Implementing an internal carbon price requires exploring options, designing an approach, building stakeholder support, seeking approval from senior leaders, and putting the policy into practice.

Selecting the instrument(s)

Institutions come to carbon pricing with a range of goals and priorities, and each pricing model lends itself to some aims more than others.  One approach may reduce emissions faster, while another may enable greater community education and engagement.  Schools have different constraints that may favor one model.  If a school does not submeter energy consumption, for instance, it might prefer a fee on flights or a proxy price over an internal levy on building energy consumption.

Detailed design considerations

Once an institution clarifies its aims and selects an approach, it can customize the policy to align with its goals and philosophy.

With any internal carbon price, an institution must decide:

  • The scope of emissions covered;
  • The price of a ton of carbon dioxide equivalent emissions;
  • How the policy will interact with any carbon offsetting investments or carbon neutrality commitments;
  • Who will oversee and manage the program; and
  • How the policy will be updated.

Internal levies on units must:

  • Work through issues of fairness;
  • Decide how emissions will be measured and assigned to units;
  • Decide how to set targets or baselines; and
  • Decide how revenue will be allocated.

A proxy price will have to define:

  • How future emissions will be estimated;
  • The appropriate discount rate for future emissions;
  • To which decisions the price will be applied; and
  • What possible options will be modeled.

Institutional factors to consider

Below we summarize the primary organizational variables relevant to internal carbon pricing: types of emissions data; organizational structure; and funding process.

Emissions data

Perhaps the most important consideration for institutions looking at internal carbon pricing is the availability of emissions data.  Some institutions, like Yale, meter energy consumption at the building level, which enables building-level carbon charges. Others meter energy consumption at the campus- or school-level, which, if the institution has multiple campuses or schools, could enable carbon charges at that level.

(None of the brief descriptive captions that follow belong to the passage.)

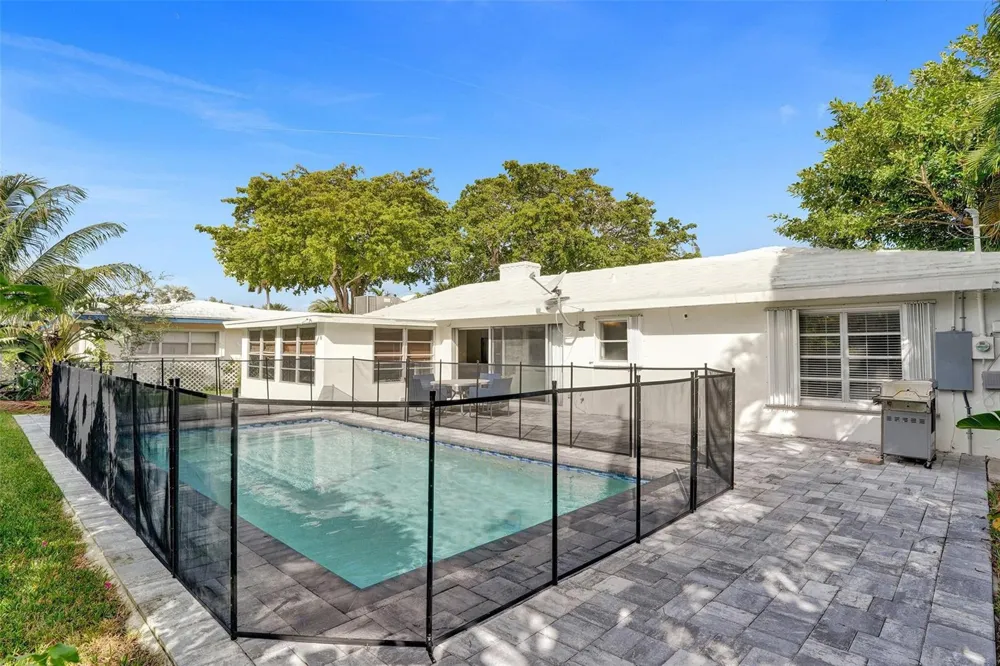 260 Allenwood Drive Lauderdale By The Sea, FL 33308
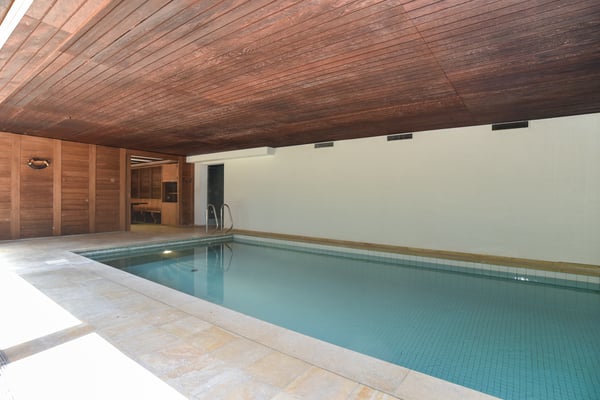 Privates Hallenbad inklusive Wohnen der besonderen Art 7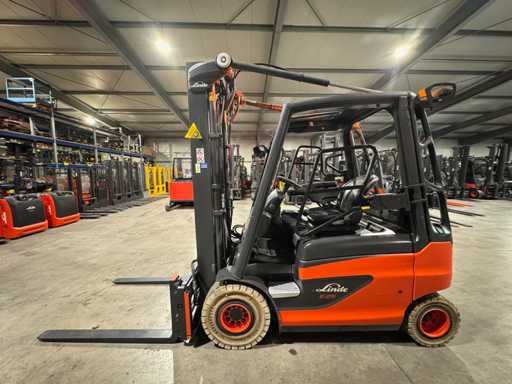 2019 Service+UVV 12/2026 Linde E25 3,+4. Venti vorkversteller 2.822 uur elektrische heftruck
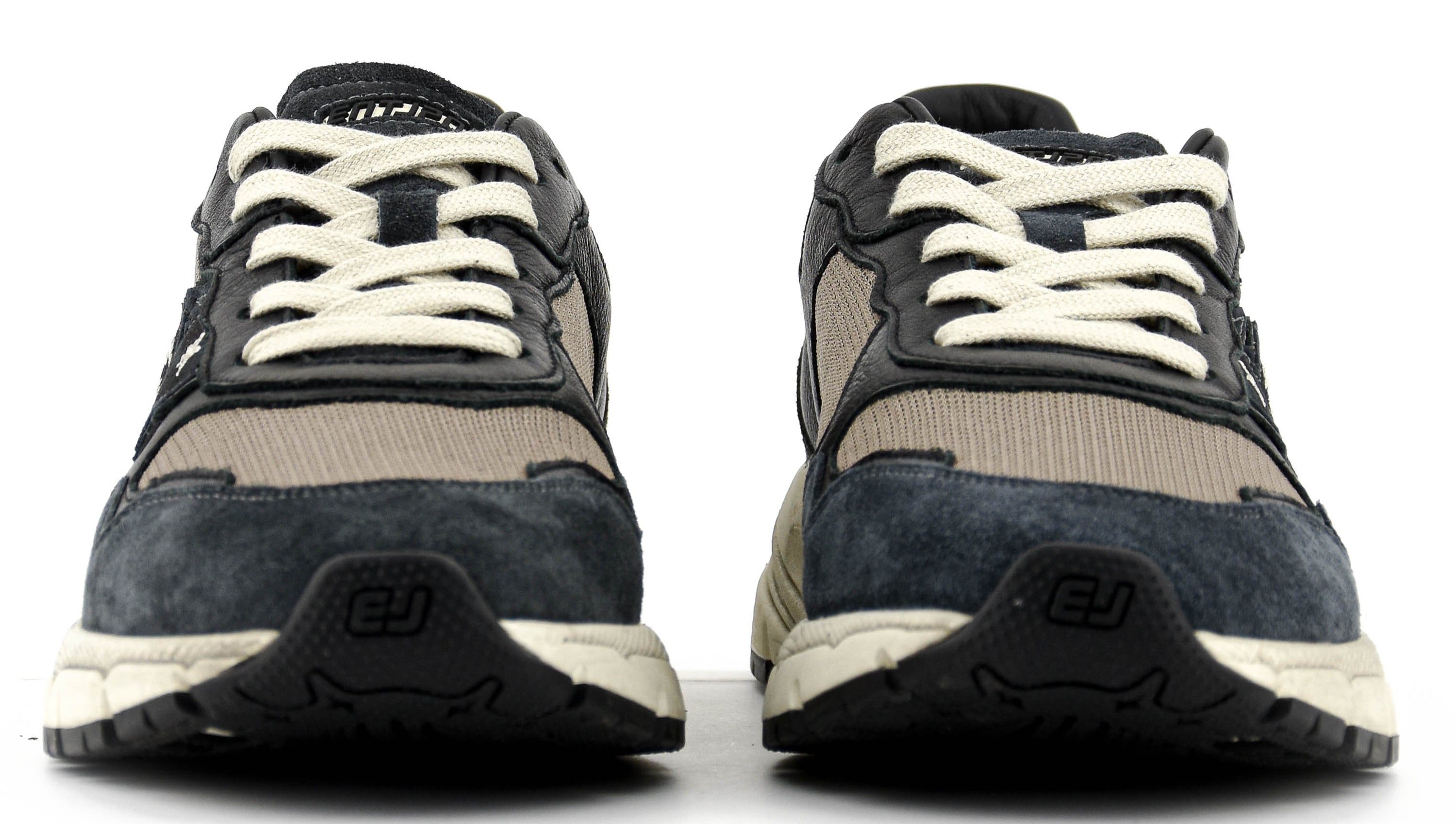 ENTERPRISE JAPAN RUN ROCKET BLACK SAND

Many institutions do not meter energy consumption below the level of the entire organization.  Other options exist in these cases. Swarthmore, for example, applies a social cost of carbon to the entire college, and each department contributes its share of the levy in proportion to its operating budget.  Alternatively, institutions can levy a price on specific, measurable components of their emissions profile, such as purchased materials or air travel. If an institution has centralized purchasing, for instance, then it can apply life cycle analyses to purchased materials and equipment to determine carbon impacts from purchasing, applying carbon prices accordingly. Or if an institution tracks travel data centrally, it can apply carbon fees to travel purchases.

Size and organizational structure

Institutional size and complexity strongly influence the internal carbon pricing approach.  Consider three types of institutions.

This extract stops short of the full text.